Data supplied -
● ● ●

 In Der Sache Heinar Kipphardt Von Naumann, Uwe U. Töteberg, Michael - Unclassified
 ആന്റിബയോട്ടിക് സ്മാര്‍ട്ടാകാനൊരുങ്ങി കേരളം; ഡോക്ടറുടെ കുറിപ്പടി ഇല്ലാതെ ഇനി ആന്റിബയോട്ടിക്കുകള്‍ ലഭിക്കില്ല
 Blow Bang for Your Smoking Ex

● ● ●

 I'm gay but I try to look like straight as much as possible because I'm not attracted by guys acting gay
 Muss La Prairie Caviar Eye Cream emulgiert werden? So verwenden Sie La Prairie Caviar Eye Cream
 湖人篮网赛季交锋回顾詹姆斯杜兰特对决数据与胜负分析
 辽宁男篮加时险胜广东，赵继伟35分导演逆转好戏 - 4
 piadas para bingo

● ● ●

Reproduce exactly the entries above, limited to the lines from the one with "I'm gay but" through the one with "piadas para bingo", both included.

Result below -
 I'm gay but I try to look like straight as much as possible because I'm not attracted by guys acting gay
 Muss La Prairie Caviar Eye Cream emulgiert werden? So verwenden Sie La Prairie Caviar Eye Cream
 湖人篮网赛季交锋回顾詹姆斯杜兰特对决数据与胜负分析
 辽宁男篮加时险胜广东，赵继伟35分导演逆转好戏 - 4
 piadas para bingo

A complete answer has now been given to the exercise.